Cpl Roman F. Klick 36620923
Co "A", 353rd Engr Regt
A.P.O. #502, c/o Postmaster
San Francisco, California
August 6, 1943

Dear Aunty Clara,

It is really Sunday Morning, 8 August 1943, but to keep our letters straight I have dated it the 6th. This has been about the longest stretch in which I was too busy to sit down and write a letter to you. Things began clicking the evening of August 6. There was no movie picture scheduled for that night so I thought I would be able to write letter after letter and therefore I squandered the free time between four and five o'clock. It was shortly after supper that we heard there was to be a band concert at six-thirty. Rather than wait in the tent until that time, Larry and I took our portable chairs and a few magazines to the amphitheater and sat there reading them until the concert began. The concert ended early but we had become interested in the stories we had been reading and instead of writing letters we had to finish the articles. That was the third mistake. First I had wasted that afternoon hour, then I went off to hear the band, and third I had to finish the story. It wasn't long after that that I was summoned to the Orderly Room and had to do some last minute work for Lt Hanton. That last minute work took from before eleven o'clock at night to after one o'clock in the morning.

The seventh of August was busy from the very start to the very finish. I had to fill in several items in every man's Service Record, type up several reports and handle several new allotments. That was in the morning. In the afternoon Mersing and I had to go to town and return the payroll to the Finance office.
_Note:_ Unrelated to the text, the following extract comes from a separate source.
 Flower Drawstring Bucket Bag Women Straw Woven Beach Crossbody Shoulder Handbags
Immediately after coming back from town, I went up on the hill to the Projection Room and began rewinding the five reels of "The Great Ziegfeld". Before I was finished with that job and the incidental splicing that went with it, it was time to set things up for the show. I didn't even get a chance to eat supper at the time.
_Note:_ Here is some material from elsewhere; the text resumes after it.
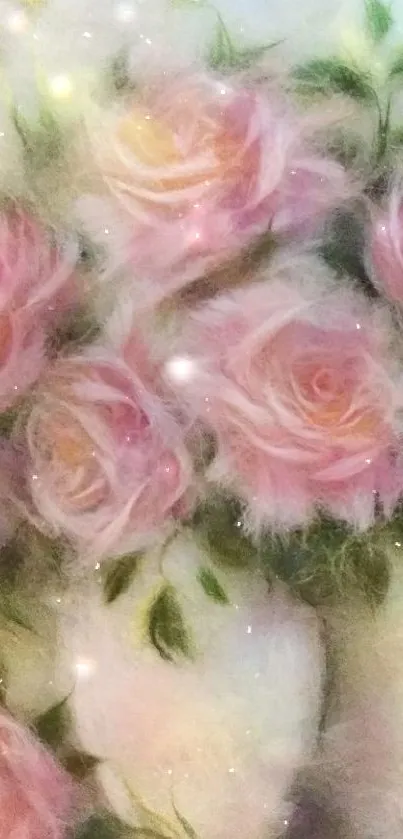 Artistic mobile wallpaper of pastel pink roses in a vase, soft and elegant.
If you remember "The Great Ziegfeld" was a long show and it was after nine o'clock before we were finished running it after which came the usual rewinding and splicing. Incidentally, although Lt Yantis was in the booth for the beginning of the show and at the ending of the show, I handled the entire affair for the first time. That means that except for extraordinary breakdowns I can now consider myself experienced enough to run the machine alone.

After the show was over I went over to the mess hall to see if they had anything left to eat because by that time, I was famished. And by golly, Aunty Clara, I licked that mess kit clean. Usually I am unable to eat all they give me but yesterday I was a "chowhound".

Then this morning rolled around with no Reveille and breakfast if you wanted it. No one in our tent wanted it because along around eight o'clock we woke up to find it was broad daylight. Since my sun tans were conveniently at hand (I had to wear them to town), I put them on today for the first time I had them on in all the Sundays we've been here. I've breakfasted on candy bars so far this morning and have already done some work in the office. There is a lot of work to do today but before I do anything else I am going to catch up on the letters I should have written during the last two days.

After that brief resume of the last several days you should have the highlights of my activities. Now for the elaborations and the details. You will note that I said I breakfasted on candy. Well, the PX is selling real candy bars again with no limit on how much you can buy. The result was that every fellow who could spare the 80( for a box of twenty-four bars went there and purchased them. I bought a box of Hershey's Milk Chocolate with Almonds and have been making myself sick on them ever since. In between every two or three milk chocolates I have had a double mint patty. That stomach of mine must be made if iron the way it can resist all that poison I put into it.